Return only that part of the material below which starts with the line containing "Meowy Catmas Cat" and goes on through the line containing "Man sunbathing in", restated exactly.

▶ [Information provided]:
+ + +

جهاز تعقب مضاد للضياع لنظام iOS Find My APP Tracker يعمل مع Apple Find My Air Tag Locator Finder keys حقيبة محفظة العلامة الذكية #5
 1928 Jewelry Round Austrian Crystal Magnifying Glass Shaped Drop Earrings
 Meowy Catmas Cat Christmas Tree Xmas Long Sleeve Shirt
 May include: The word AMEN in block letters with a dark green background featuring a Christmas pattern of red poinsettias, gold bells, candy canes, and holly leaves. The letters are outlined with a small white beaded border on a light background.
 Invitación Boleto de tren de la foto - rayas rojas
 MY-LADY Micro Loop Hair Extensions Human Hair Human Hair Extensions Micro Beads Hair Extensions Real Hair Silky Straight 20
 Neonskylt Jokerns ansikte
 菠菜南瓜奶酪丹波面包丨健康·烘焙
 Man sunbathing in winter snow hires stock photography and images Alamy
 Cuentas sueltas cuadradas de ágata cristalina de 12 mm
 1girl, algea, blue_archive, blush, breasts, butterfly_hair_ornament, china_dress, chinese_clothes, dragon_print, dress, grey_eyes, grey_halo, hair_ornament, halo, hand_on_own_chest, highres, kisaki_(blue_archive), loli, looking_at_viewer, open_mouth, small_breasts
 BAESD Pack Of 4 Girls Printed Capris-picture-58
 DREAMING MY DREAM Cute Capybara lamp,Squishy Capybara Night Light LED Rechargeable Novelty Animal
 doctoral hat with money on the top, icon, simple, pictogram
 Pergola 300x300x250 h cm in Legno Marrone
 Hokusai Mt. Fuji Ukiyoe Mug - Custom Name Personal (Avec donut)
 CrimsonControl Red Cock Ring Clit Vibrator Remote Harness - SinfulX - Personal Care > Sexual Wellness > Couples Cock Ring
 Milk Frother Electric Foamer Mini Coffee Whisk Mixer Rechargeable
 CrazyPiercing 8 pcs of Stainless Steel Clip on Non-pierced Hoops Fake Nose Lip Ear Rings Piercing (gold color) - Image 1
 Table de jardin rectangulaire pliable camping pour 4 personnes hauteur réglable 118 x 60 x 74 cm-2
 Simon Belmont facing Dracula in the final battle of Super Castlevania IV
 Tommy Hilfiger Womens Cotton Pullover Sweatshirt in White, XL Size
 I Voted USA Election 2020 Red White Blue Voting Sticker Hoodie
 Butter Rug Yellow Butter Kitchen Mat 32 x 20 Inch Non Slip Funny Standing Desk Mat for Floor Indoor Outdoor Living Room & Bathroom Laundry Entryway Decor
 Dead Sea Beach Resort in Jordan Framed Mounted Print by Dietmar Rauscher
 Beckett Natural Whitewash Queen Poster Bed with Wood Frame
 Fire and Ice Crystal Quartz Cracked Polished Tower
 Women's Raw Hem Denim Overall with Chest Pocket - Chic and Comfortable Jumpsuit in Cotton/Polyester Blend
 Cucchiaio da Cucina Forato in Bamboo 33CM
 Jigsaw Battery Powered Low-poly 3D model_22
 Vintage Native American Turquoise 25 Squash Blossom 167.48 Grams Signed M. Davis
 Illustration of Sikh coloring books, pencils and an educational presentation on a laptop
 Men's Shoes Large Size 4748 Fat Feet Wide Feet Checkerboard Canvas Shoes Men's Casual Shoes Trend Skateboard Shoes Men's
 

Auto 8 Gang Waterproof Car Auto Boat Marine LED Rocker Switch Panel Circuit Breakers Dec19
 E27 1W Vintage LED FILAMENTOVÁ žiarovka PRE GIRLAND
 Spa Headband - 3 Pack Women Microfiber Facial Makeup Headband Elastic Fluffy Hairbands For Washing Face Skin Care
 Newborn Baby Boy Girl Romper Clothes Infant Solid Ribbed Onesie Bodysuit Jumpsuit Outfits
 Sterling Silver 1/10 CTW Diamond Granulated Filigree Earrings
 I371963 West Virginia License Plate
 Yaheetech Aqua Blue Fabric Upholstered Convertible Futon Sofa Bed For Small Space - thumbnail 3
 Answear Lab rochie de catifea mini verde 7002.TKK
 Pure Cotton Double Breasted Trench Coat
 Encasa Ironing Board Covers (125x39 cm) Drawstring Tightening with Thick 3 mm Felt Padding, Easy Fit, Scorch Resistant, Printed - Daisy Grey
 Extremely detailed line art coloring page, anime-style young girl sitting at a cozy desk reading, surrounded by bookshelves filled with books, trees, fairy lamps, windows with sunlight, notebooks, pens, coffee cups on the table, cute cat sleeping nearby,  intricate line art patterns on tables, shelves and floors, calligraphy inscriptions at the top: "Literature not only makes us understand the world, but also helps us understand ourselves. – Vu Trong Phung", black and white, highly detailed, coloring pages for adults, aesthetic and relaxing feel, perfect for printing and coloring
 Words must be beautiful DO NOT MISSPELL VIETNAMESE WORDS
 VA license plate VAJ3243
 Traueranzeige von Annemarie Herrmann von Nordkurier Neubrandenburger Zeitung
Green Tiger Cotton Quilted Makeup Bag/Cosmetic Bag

+ + +

▶ [Task output]:
 Meowy Catmas Cat Christmas Tree Xmas Long Sleeve Shirt
 May include: The word AMEN in block letters with a dark green background featuring a Christmas pattern of red poinsettias, gold bells, candy canes, and holly leaves. The letters are outlined with a small white beaded border on a light background.
 Invitación Boleto de tren de la foto - rayas rojas
 MY-LADY Micro Loop Hair Extensions Human Hair Human Hair Extensions Micro Beads Hair Extensions Real Hair Silky Straight 20
 Neonskylt Jokerns ansikte
 菠菜南瓜奶酪丹波面包丨健康·烘焙
 Man sunbathing in winter snow hires stock photography and images Alamy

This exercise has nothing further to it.